• EXERCISE REQUIREMENTS
The lines from the one containing "Used Baojun 560" through the last one in the data: please copy those exactly, and only those, without the pictures.

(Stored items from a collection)
>>>
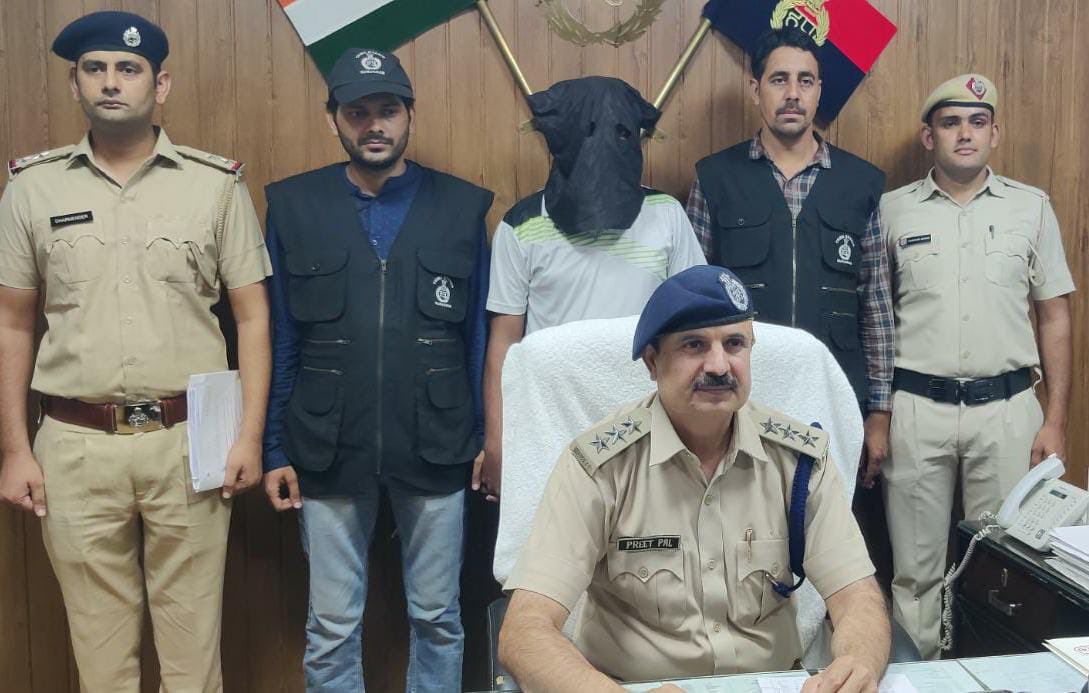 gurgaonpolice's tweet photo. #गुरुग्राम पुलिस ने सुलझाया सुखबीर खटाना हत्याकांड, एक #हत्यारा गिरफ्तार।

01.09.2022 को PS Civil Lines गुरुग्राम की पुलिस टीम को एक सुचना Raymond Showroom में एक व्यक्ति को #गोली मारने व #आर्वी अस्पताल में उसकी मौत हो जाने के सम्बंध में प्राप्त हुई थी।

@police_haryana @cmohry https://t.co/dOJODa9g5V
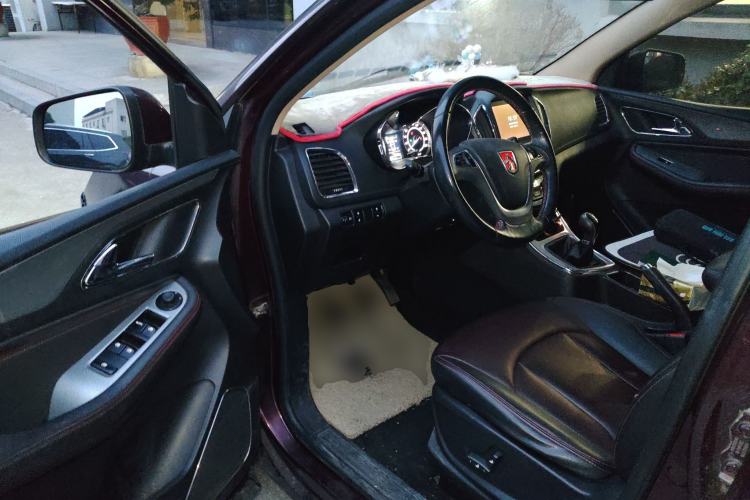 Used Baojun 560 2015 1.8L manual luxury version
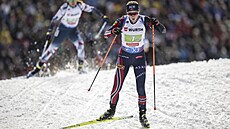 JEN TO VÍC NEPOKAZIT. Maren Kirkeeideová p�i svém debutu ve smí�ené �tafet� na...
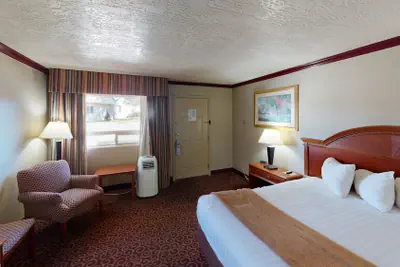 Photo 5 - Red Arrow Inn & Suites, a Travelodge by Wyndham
<<<
• TASK ANSWER
 Used Baojun 560 2015 1.8L manual luxury version
 JEN TO VÍC NEPOKAZIT. Maren Kirkeeideová p�i svém debutu ve smí�ené �tafet� na...
 Photo 5 - Red Arrow Inn & Suites, a Travelodge by Wyndham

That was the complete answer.